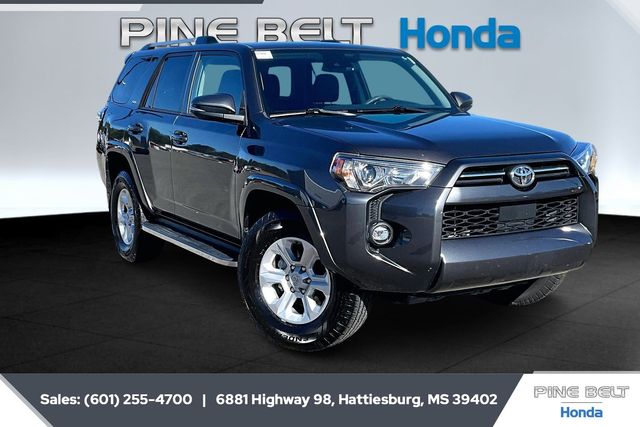2022 Toyota 4Runner SR5 Premium's photo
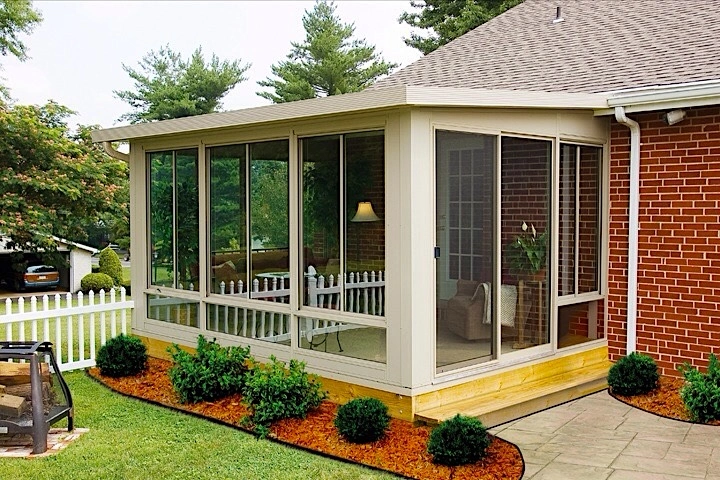 studio sunroom addition contractors simpsonville sc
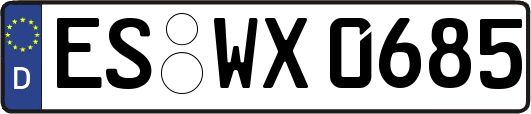ES-WX0685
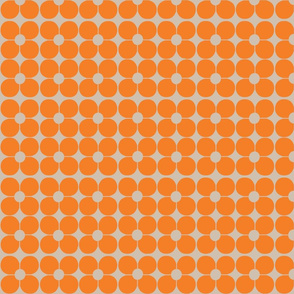 Mod Flor Naranja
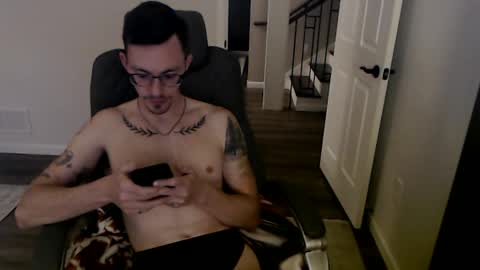 LilSnacc online show from October 5, 11:34 pm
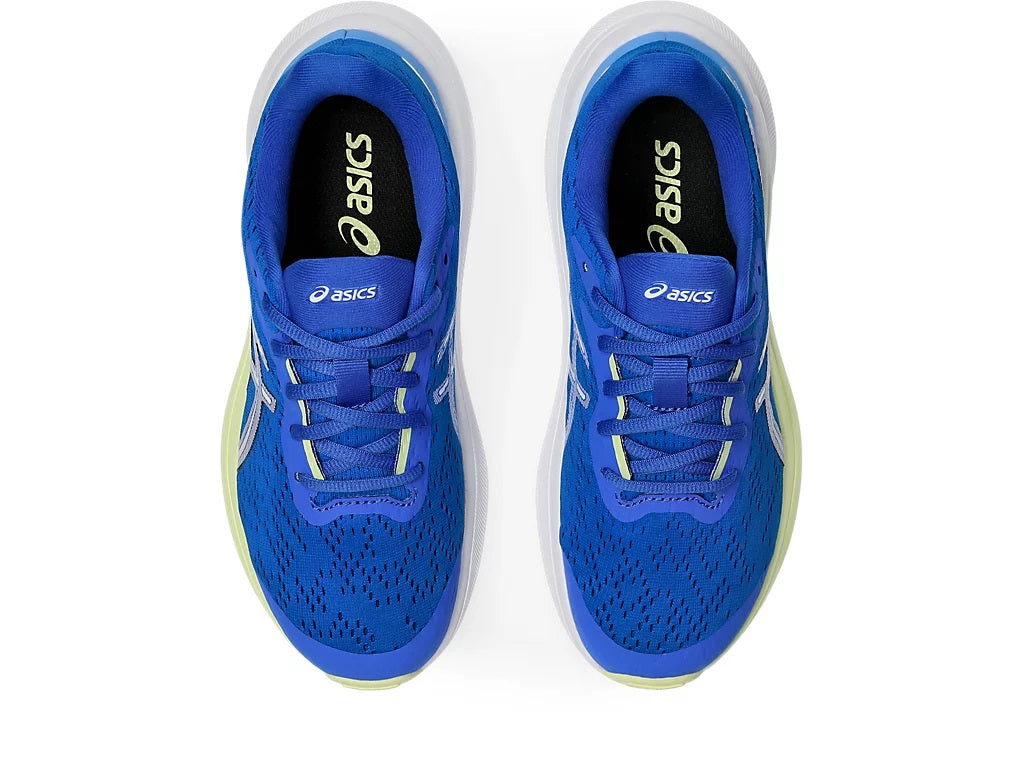 Asics GT- GS Kids Running Shoes Illusion Blue White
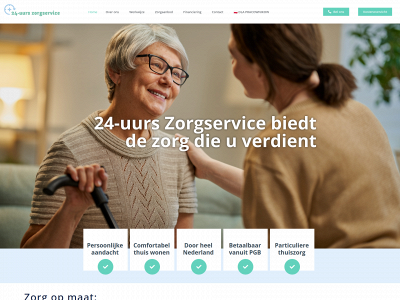 24uurszorgservice.nl snapshot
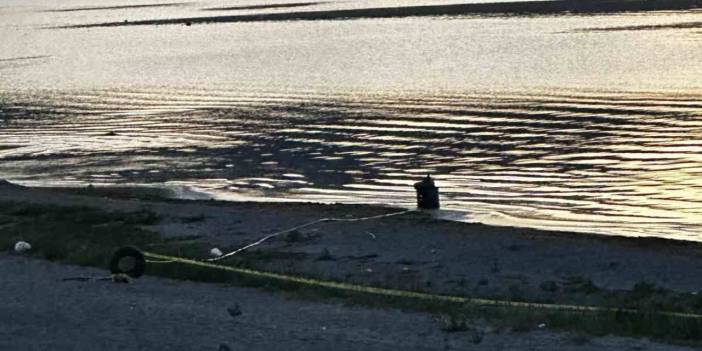 Eğirdir Gölü'nde yedi el bombası bulundu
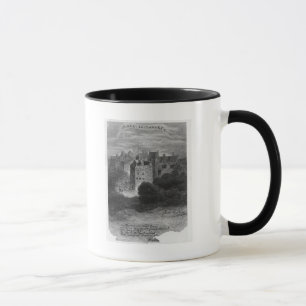 The Globe-Theater, Bankside, Southwark Tasse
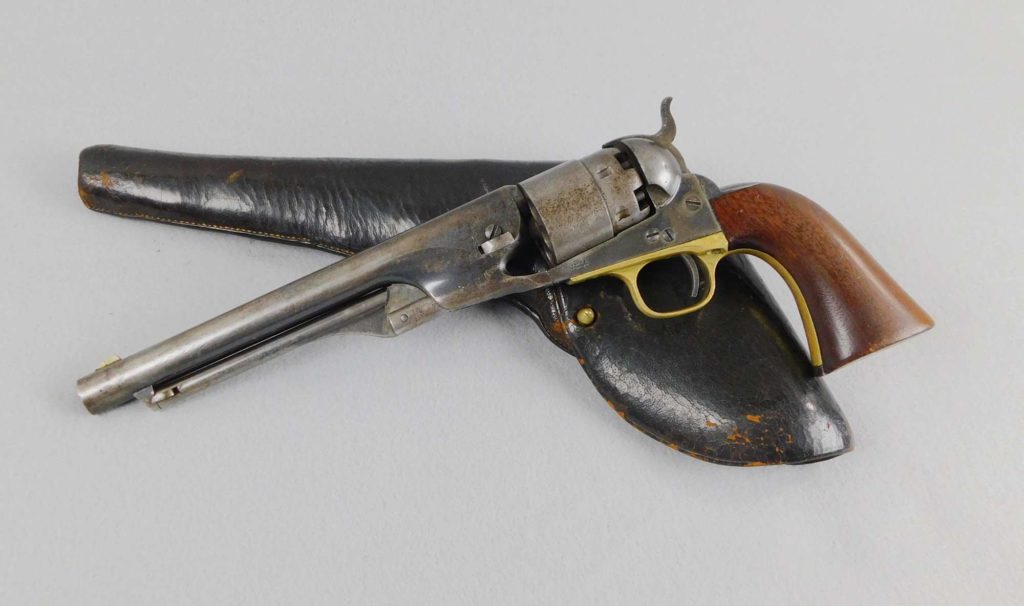 U.S. Colt 1860 Army.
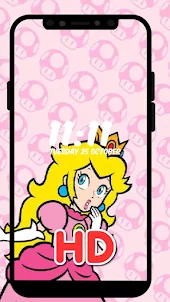 Princess Peach wallpaper HD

- **What is required**:
All lines from the one holding "Eğirdir Gölü'nde yedi el bombası bulundu" through the last line of the entries, and nothing else, are to be output exactly; leave out the pictures.

- **Answer for the task**:
 Eğirdir Gölü'nde yedi el bombası bulundu
 The Globe-Theater, Bankside, Southwark Tasse
 U.S. Colt 1860 Army.
 Princess Peach wallpaper HD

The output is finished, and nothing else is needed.